Susanne Heydenreich geht nach nebenan ins Theater, hinab über die Wendeltreppe in den Keller. An den fensterlosen Raum mit Regalen voller Kisten, Schminke, Bändern und Knöpfen (der Raum der Kostümverwalterin und Schneiderin Isabella Winter) schließen sich weitere Räume an: eine Waschküche mit Waschmaschine und Trockner für die Kostüme, zwei Waschbecken, Dusche und eine Toilette. Daneben die Herren- und Damengarderoben. Heydenreich ist früh dran, weil sie später auch Kollegen frisieren wird, für eine Maskenbildnerin reicht das Budget des Theaters nicht. Sie bindet die Haare zusammen, probiert die neu frisierten Perücken, die sie nachher tragen wird, ob sie richtig sitzen. Die Kollegen trudeln ein, die Intendantin, jetzt Maskenbildnerin im Kimono, nestelt an den Haaren der anderen.

18.30 Uhr

Einsingen. Konzentration, in einer Stunde beginnt die Vorstellung.

19.30 Uhr

Erik Gedeons Musikdrama „Ewig jung“ beginnt. Der Musiker Oliver Heise tapert als Greis verkleidet die Showtreppe hinab, es dauert Minuten, bis er das Klavier findet. Die Schauspieler verkörpern ehemalige Schauspieler, Susanne Heydenreich spielt sich selbst als 90-Jährige. In Wirklichkeit ist sie 63, ihr Vertrag geht bis 2020. Was danach geschieht? Nur so viel: „Ich möchte nicht gebeten werden aufzuhören.“ Die Figuren auf der Bühne wollen vom Aufhören nichts hören, ihre jährliche Revue (aus der dieser Abend „Ewig jung“ besteht) muss sein. Auch wenn sie empfindlich schwächeln, ein Alter (Reinhold Weiser) bricht zusammen, nachdem er „I will survive“ geröhrt hat. Susanne Heydenreichs anrührend trauriger Kommentar: Mit rauer Stimme singt sie „Fremd bin ich eingezogen, fremd zieh’ ich wieder aus“ – Text von Wilhelm Müller, von Schubert in der „Winterreise“ vertont.

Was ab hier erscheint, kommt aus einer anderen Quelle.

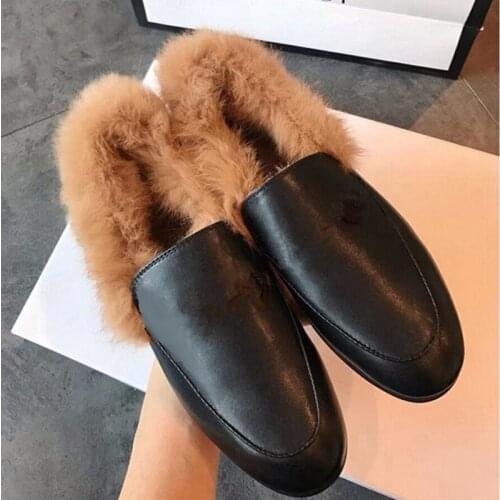 Shoes Women Leather Fur Patchwork Woman Shoes Solid Flat Sneakers Slip On Zapatos De Mujer Winter Warm Shoes Round Toe Casual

Doch so sanft bleibt die Dame nicht. Moderiert wird die Tatter-Revue nämlich von einer jungen Frau mit wunderbar milchig-hellem Teint (Bernadette Hug). Als sie im ersten Rang stehend Uncharmantes über das Ableben singt, machen die Schauspieler lange Gesichter. Susanne Heydenreich – die einen Sinnspruch am Garderobenspiegel angebracht hat : „sollte/hätte/könnte/würde – los geht’s“ – ergreift kurzerhand ein Gewehr, zielt auf die Singende. Peng. Stille. Alte, wollt ihr ewig leben? Erst mal, ja, warum nicht? Begeisterter Applaus.

22 Uhr

Abgeschminkt. Susanne Heydenreich fährt nach Hause, wird wie jeden Abend Nachrichten anschauen, das war’s. Heute wird sie keinen Text mehr lernen. Samstag ist auch ein Tag.